Repeat each record exactly, skipping the pictures.

━━━━━ ENTRIES PROVIDED ━━━━━

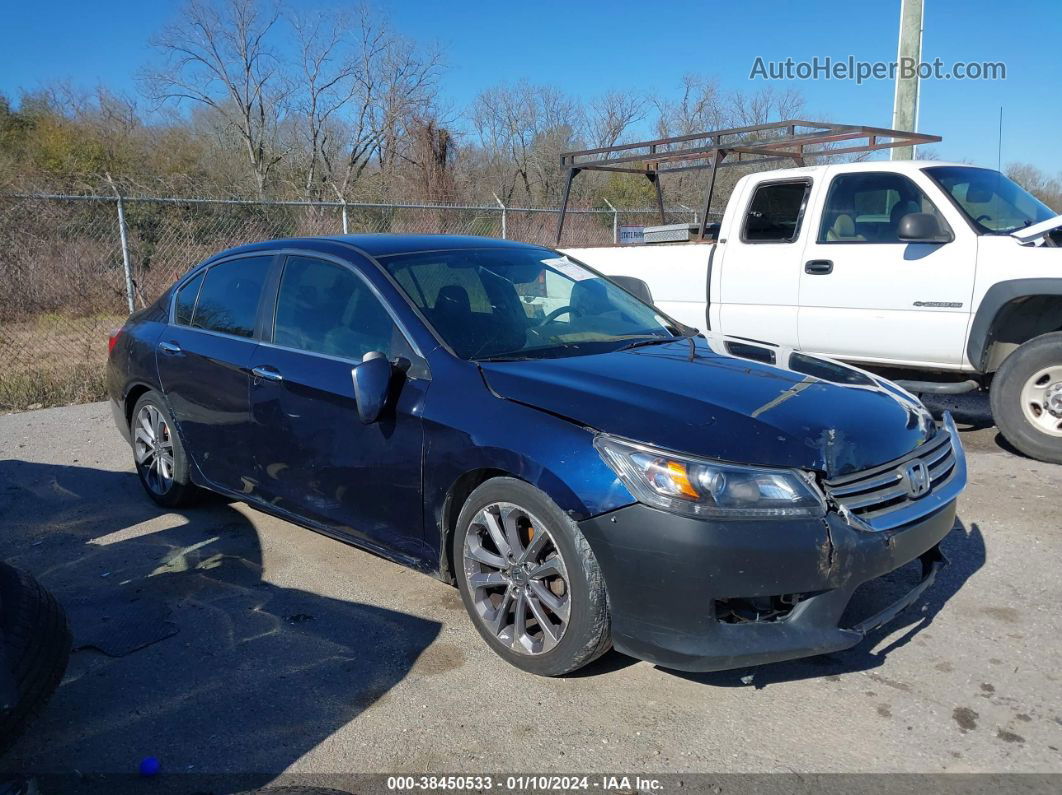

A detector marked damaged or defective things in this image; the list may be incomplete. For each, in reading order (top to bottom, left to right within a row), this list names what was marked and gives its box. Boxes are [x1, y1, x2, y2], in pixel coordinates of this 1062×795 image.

damaged front bumper [581, 458, 964, 670]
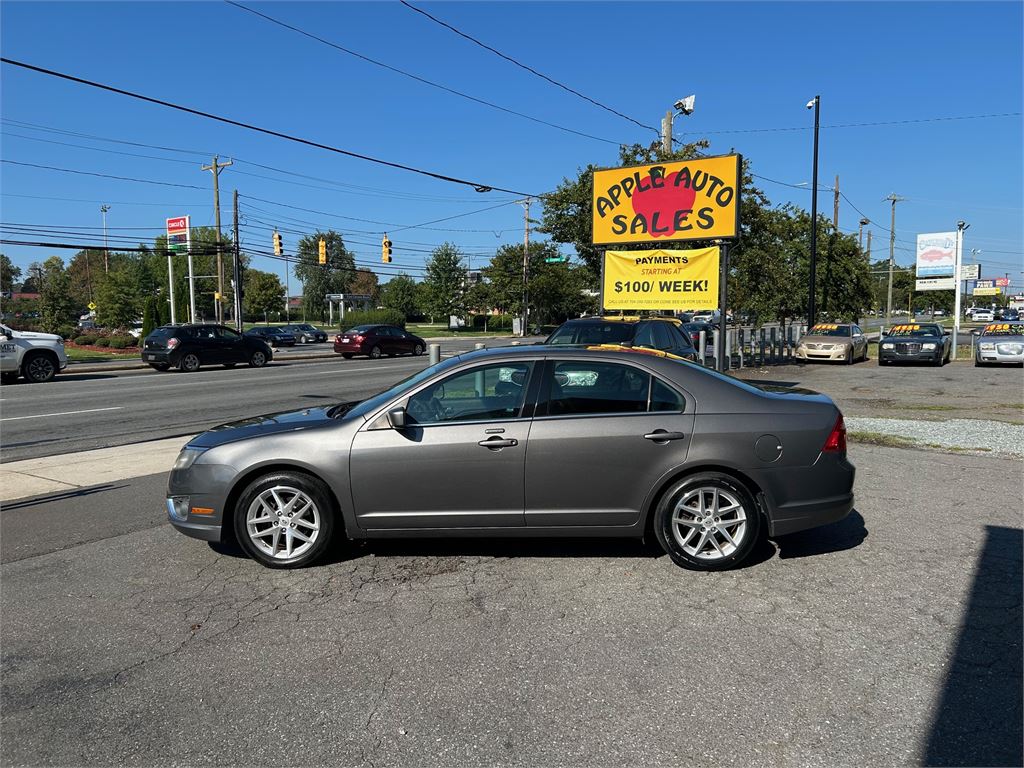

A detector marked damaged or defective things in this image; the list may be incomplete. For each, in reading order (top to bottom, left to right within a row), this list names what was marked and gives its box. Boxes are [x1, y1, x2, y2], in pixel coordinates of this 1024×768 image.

cracked pavement [0, 442, 1019, 765]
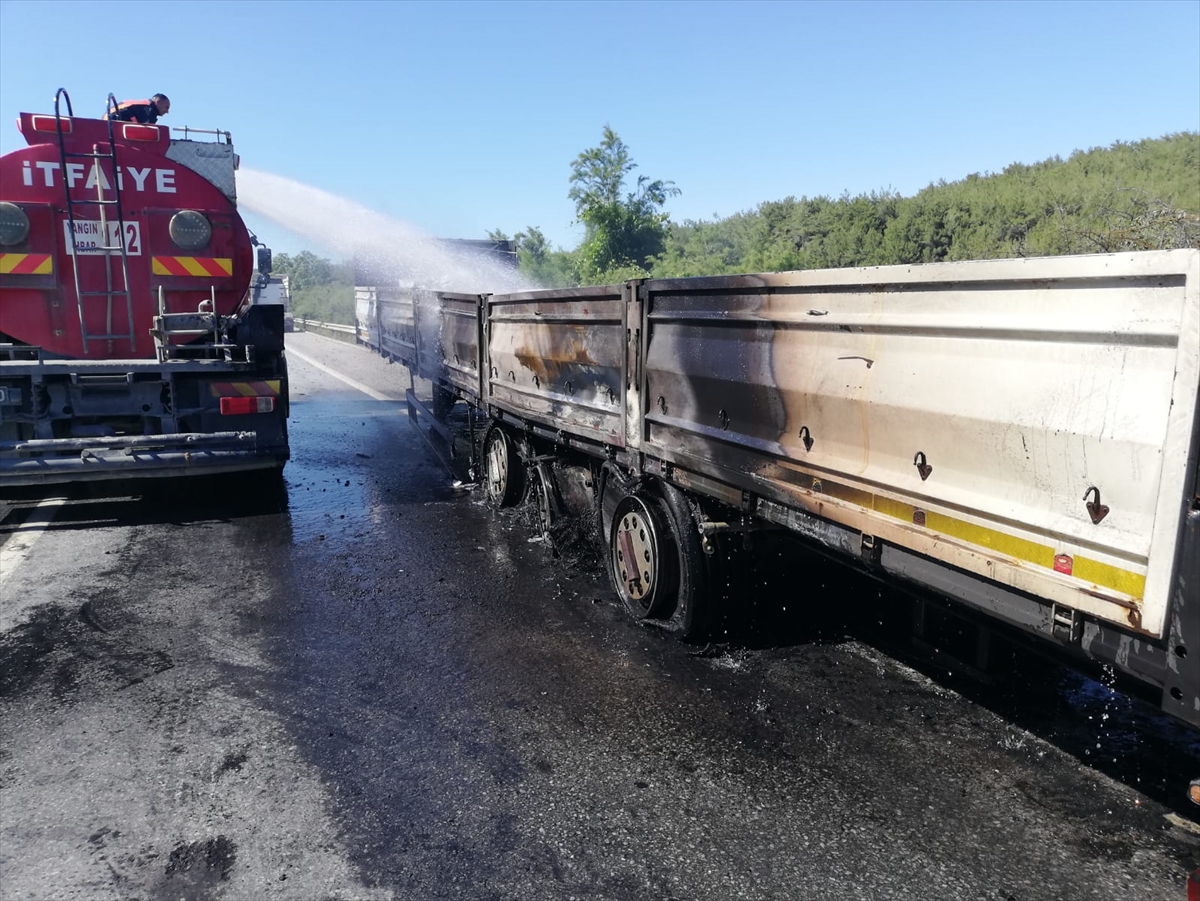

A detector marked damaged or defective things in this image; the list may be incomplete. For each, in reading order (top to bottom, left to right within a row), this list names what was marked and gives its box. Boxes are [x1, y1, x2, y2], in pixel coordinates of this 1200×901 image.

charred truck body [0, 91, 288, 486]
charred truck body [364, 251, 1200, 740]
burned trailer [366, 248, 1200, 740]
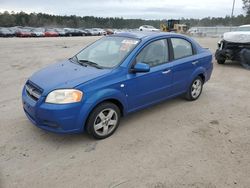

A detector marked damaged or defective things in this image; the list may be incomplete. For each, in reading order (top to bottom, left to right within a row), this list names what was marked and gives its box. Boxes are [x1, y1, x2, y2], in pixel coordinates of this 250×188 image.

damaged front end [215, 39, 250, 69]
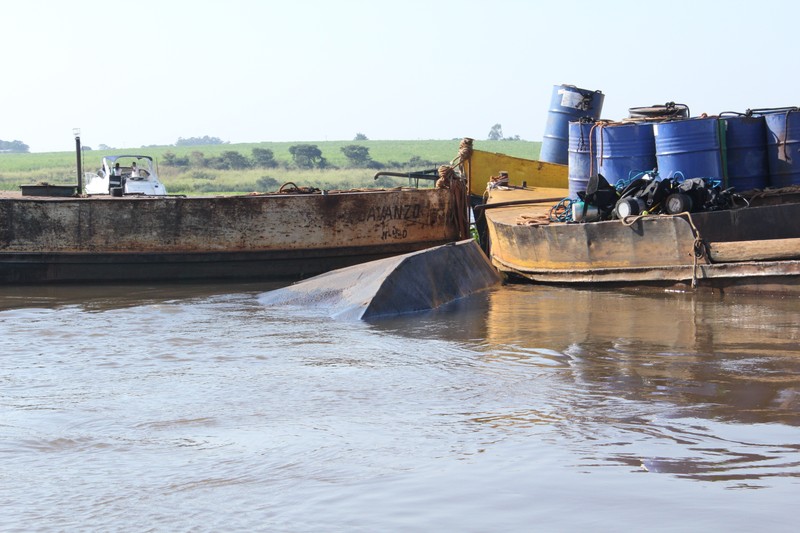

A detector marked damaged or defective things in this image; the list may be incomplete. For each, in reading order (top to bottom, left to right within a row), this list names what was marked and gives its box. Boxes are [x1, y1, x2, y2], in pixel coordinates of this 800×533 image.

rusty barge hull [0, 189, 462, 284]
rusty barge hull [484, 196, 800, 294]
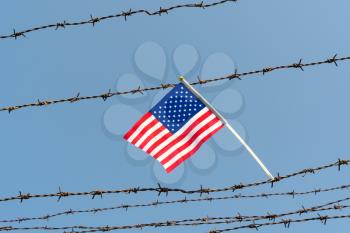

━━━━━

**TASK ANSWER**.
A detector marked damaged or defective things in this image; the list may be incomplete. For each, in reading order (top to bottom, left to right within a row), this list names what was marked and gives its box. Boxes are [x1, y1, x2, y2], in pixel coordinates of this 1062×795 image.

damaged front bumper [581, 458, 964, 670]

A detector marked damaged or defective things in this image; the list may be incomplete. For each, in reading order (top to bottom, left to right within a row), this list names what was marked and gives its box. Boxes are [x1, y1, x2, y2], in pixel coordinates of this 1024×768 image.

cracked pavement [0, 442, 1019, 765]

A detector marked damaged or defective things in this image; the list may be incomplete. For each, in reading order (top to bottom, left to right within a row), this list names what was marked and gives its box. Boxes are [x1, y1, x2, y2], in pixel coordinates of this 1200×901 image.

charred truck body [0, 91, 288, 486]
charred truck body [364, 251, 1200, 740]
burned trailer [366, 248, 1200, 740]

A detector marked damaged or defective things in this image; the list may be incomplete. For each, in reading order (top to bottom, left to right within a row), this list names what was marked and gives its box. Boxes are [x1, y1, x2, y2], in pixel coordinates of this 250×188 image.

damaged front end [215, 39, 250, 69]

A detector marked damaged or defective things in this image; the list may be incomplete. For each, in reading order (top to bottom, left to right within a row), this list names what was marked and gives its box. Boxes are [x1, y1, x2, y2], in pixel coordinates of this 800×533 image.

rusty barge hull [0, 189, 462, 284]
rusty barge hull [484, 196, 800, 294]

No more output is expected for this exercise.